The key to improved consistency for Hundley is to maintain this platform on all throws. He has struggled with accuracy on the move because he doesn't reset his shoulders and align his body on the move. This is something the Jaguars (and quarterback coach Jordan Palmer) fixed with Bortles to great early success. Hundley can make this same tweak and will see quick improvements in his accuracy on the run.
The biggest negative in Hundley's game as it was in 2013 is that movement creates a disjointed throwing platform. This is an easy fix with repetition, though, and is only a long-term factor if he cannot adjust his motion on the move.

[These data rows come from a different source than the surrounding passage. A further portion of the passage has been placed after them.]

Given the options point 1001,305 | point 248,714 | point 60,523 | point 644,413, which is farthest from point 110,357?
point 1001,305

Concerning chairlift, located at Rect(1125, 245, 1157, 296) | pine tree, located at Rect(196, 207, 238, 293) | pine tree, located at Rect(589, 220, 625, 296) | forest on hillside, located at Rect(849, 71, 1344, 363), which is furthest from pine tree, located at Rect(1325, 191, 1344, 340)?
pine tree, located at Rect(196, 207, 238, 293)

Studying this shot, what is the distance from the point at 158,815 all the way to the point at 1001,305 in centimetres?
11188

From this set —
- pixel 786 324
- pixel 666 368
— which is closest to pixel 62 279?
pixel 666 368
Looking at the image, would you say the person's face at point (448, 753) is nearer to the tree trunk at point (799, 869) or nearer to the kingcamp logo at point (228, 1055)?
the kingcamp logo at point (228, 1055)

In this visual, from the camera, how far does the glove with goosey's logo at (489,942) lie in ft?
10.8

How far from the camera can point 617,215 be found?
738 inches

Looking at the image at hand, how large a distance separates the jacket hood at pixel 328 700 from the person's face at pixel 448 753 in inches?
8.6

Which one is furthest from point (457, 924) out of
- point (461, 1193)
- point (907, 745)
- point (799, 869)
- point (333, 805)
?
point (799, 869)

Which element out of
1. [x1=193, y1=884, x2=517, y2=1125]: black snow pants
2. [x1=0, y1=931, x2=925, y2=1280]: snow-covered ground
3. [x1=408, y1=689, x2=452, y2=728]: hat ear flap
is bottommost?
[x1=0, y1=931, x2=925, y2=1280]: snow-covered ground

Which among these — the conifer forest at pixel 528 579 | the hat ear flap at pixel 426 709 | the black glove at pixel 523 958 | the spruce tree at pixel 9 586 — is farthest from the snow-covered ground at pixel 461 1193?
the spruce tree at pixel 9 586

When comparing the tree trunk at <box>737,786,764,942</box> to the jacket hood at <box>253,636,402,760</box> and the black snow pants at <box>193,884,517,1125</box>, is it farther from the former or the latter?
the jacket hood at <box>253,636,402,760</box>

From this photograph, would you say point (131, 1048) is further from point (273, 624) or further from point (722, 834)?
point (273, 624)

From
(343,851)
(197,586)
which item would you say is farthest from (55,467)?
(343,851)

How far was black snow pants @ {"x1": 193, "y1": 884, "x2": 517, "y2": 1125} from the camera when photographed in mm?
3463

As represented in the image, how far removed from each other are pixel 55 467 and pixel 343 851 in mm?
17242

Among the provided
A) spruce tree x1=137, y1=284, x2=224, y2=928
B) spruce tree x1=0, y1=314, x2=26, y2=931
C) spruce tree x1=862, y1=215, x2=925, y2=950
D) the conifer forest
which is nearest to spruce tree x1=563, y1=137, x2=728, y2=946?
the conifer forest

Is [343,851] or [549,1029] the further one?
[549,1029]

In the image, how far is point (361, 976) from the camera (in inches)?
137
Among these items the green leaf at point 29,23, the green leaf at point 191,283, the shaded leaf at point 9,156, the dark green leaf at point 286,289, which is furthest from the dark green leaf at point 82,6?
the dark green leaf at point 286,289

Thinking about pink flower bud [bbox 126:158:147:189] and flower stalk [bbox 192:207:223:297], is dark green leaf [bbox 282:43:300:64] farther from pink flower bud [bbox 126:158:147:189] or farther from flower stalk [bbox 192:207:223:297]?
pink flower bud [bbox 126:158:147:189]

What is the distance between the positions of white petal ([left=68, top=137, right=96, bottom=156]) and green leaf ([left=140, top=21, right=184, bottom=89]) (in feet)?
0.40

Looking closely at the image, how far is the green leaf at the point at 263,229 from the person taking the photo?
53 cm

Football Intelligence (FBI)
The popularity of spread offenses in college—be it the Air Raid or the read-option—has led to fewer quarterbacks reading the entire field. Pro-style offenses, like the one run at UCLA, are becoming a rarity, and so too are quarterbacks in college with experience diagnosing coverages.
Hundley handles the complexities of the offense well and works across the entire field when scanning for a target. This is not a one-read offense. This is not a half-field offense. Hundley is expected to work the entire field, and does.
Moving to an NFL offense will not be difficult for Hundley. He will have to adapt to the speed of the pros, just like every other rookie, but from a reads and execution standpoint, he's ready.
Comparisons for Hundley have ranged from Donovan McNabb to Cam Newton, but when I watch the big UCLA quarterback I see a Ryan Tannehill-like athlete. Hundley does seem much further ahead in terms of vision and pocket presence than Tannehill ever was at Texas A&M, but the two passers share a style.
As a runner, Hundley does remind me of Newton, thanks to his power, but he's not an explosive open-field mover.
When looking at Hundley's pocket presence and throwing motion, I see more of a Matt Ryan-type arm. Mix Ryan's accuracy and touch with Tannehill's speed and Newton's power, and you have Hundley.
Heading into the 2014 season, Hundley is one of my favorite players in the draft class, regardless of position. The junior signal-caller has a clear shot at being the No. 1 quarterback and No. 1 overall player taken if his play continues at the high levels seen in 2013.
On a talent grade alone, Hundley looks like a top-five pick.